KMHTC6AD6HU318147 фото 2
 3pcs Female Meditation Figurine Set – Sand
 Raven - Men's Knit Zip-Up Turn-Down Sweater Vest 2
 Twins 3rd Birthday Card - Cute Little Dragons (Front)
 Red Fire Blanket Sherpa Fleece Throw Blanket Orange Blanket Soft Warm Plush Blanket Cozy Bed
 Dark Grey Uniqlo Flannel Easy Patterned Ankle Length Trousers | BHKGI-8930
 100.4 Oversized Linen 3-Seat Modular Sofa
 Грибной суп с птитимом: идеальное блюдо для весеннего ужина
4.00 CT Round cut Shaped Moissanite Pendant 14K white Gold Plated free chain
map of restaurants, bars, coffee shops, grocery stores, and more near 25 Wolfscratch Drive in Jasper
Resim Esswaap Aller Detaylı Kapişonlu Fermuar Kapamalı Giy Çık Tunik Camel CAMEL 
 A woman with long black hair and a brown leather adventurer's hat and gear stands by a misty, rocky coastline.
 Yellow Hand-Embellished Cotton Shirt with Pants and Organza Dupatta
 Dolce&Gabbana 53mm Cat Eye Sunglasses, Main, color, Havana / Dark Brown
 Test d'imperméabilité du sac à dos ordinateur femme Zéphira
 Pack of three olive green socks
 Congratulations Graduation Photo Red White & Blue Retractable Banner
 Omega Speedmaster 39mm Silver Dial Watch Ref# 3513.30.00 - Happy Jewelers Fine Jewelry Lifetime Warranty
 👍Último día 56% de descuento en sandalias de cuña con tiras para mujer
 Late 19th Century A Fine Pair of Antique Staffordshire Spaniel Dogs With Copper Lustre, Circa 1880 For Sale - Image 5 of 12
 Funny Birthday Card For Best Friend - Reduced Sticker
#####
Problem to solve
In the listing above, find the line with "Twins 3rd Birthday" and the line with "Pack of three olive green socks", then print exactly those two lines and every line between them, and nothing more.

Task output
 Twins 3rd Birthday Card - Cute Little Dragons (Front)
 Red Fire Blanket Sherpa Fleece Throw Blanket Orange Blanket Soft Warm Plush Blanket Cozy Bed
 Dark Grey Uniqlo Flannel Easy Patterned Ankle Length Trousers | BHKGI-8930
 100.4 Oversized Linen 3-Seat Modular Sofa
 Грибной суп с птитимом: идеальное блюдо для весеннего ужина
4.00 CT Round cut Shaped Moissanite Pendant 14K white Gold Plated free chain
map of restaurants, bars, coffee shops, grocery stores, and more near 25 Wolfscratch Drive in Jasper
Resim Esswaap Aller Detaylı Kapişonlu Fermuar Kapamalı Giy Çık Tunik Camel CAMEL 
 A woman with long black hair and a brown leather adventurer's hat and gear stands by a misty, rocky coastline.
 Yellow Hand-Embellished Cotton Shirt with Pants and Organza Dupatta
 Dolce&Gabbana 53mm Cat Eye Sunglasses, Main, color, Havana / Dark Brown
 Test d'imperméabilité du sac à dos ordinateur femme Zéphira
 Pack of three olive green socks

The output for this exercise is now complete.